Fox was not on my mind when I settled down to explore Wren. She pulled herself out of Braken hidden from the biting north wind. She may have stayed all day had I not chosen this spot to improve on last week’s ability to see Wren. Disdainful look over her shoulder, I knew my place. Wren moved, well Braken moved like Michael Benteen’s Potty Time, but Wren did not show. Then a whirr of wings. A cocked brown tail; pale supercilium; pointy beak; bright beady eye; then nothing. Deep undercover it called leading to a burst of song from behind me. Then it was just Braken again. Knowing Wren is going to be more time consuming than I originally thought.
I was in town later and on a whim I went to see what modern nature writers were saying about Wren. The Complete Book of Garden birds, with David Daley’s lovely water colours, devotes as much space to Wren as it does to Hawfinch. This parity is not mirrored I suspect by most birders with the current influx of hundreds of Hawfinches to the country.
After that other writers expressed Wren as a tut-tutter, unmistakeable and a list padder. Repetition of the volume of song from such a small bird began to bore me. Why has all the observant creative writing been lost to repeating things others have already said. No wonder children are not engaged.

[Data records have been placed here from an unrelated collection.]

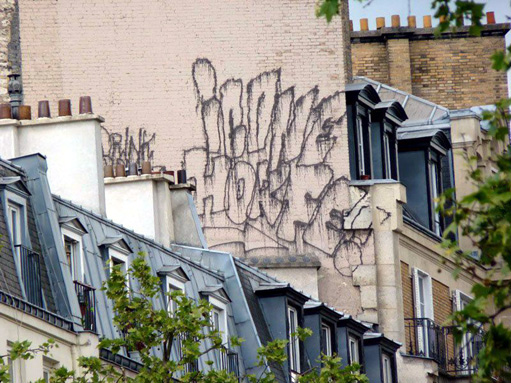 Roofs of Paris: Icone X Horfé.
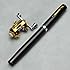 Meco 38inch Mini Portable Pocket Aluminum Alloy Fishing Rod Pen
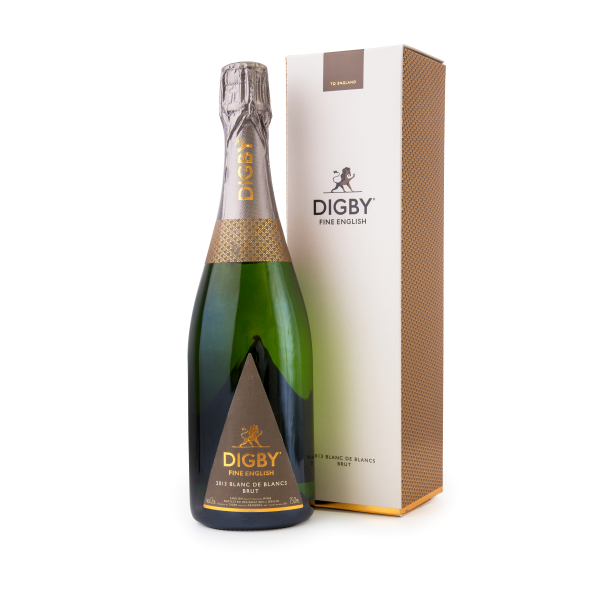 2013 Blanc de Blanc Brut by Digby Fine English, with gift box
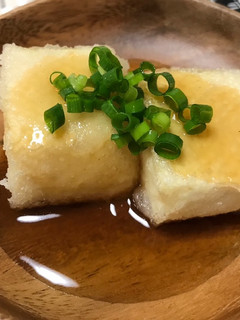 簡単美味しい揚げ出し豆腐-レシピのメイン写真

I turned to go and at the top of the stairs was a copy of Macfarlane and Morris’s Lost Words. Having seen Wren being painted and spoken, would the book live up to expectations. These are spells to engage children with things we are losing. Important things and Wren is there as its own page and hidden amongst the other leaves too.
This is what I am searching for. Wren, an active verb as well as a hidden noun. Here was the project. Why? may be a different question.
The facts may already be known, but not to me. At 9 grams it is the weight of a £1 coin. How has it successfully covered the Northern Hemisphere?